Indéfini et en plein changement
Pourtant, la définition de la santé mentale est en plein changement. Loin derrière nous sont les jours où l’on parlait simplement de l’absence de maladie mentale ou de troubles psychologiques. L’approche privilégiée depuis quelques années, la « psychologie positive », se tourne plutôt vers le développement personnel : la capacité de se prendre en main, de faire face aux défis et de jouir de la vie.
La santé mentale parle d’une diversité d’expériences. En plus de la multitude de problèmes qui peuvent affecter les gens, les mêmes conditions affectent différents groupes ethnoculturels – et même différents individus des mêmes groupes – de manières divergentes. Certains s’isolent, d’autres sortent tous les soirs. Certains mangent trop, d’autre pas du tout. Certains surmonteront leurs difficultés et seront vites à blâmer les hormones d’adolescents. D’autres trouveront un régime de légumes crus et de yoga qui fonctionne pour eux.
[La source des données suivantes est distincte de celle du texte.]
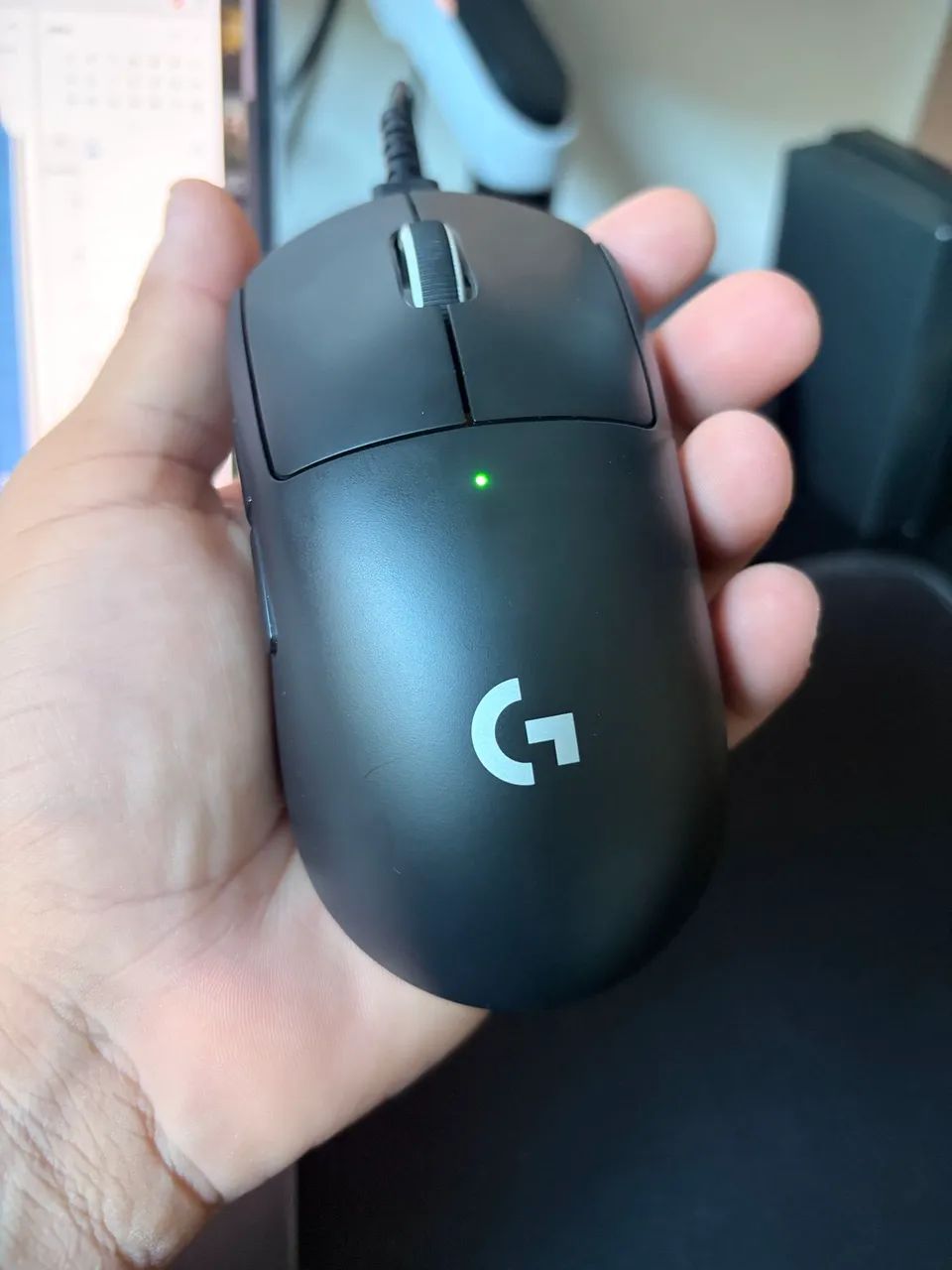 Mouse Gamer Sem Fio Logitech G PRO X Superlight - Foto 4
Mais bien des gens, en dépit des meilleurs efforts fournis et même avec tout le chou frisé au monde, devront négocier ce fardeau tout au long de leur vie.
Il faut donc percevoir la santé mentale comme l’entrecroisement de plusieurs continuums. En plus de la présence ou l’absence de maladie diagnostiquée, la psychologie positive explore un continuum de bien-être subjectif et de fonctionnement positif. Une personne est dite fleurissante lorsqu’elle accepte et gère sa condition, s’intègre et s’actualise socialement, et démontre de l’autonomie et du développement personnel qui contribue à sa satisfaction.
Cette approche tente ainsi de divorcer le sentiment d’identité du diagnostic. On existe sur le même plan, non en tant que point fixe, mais en tant qu’êtres qui se transforment.
Certes, la vie est plus difficile pour certains que pour d’autres. Oui, tout le monde est différent. Non, ça n’ira pas toujours bien. Mais, tout compte fait, on est plus qu’une maladie.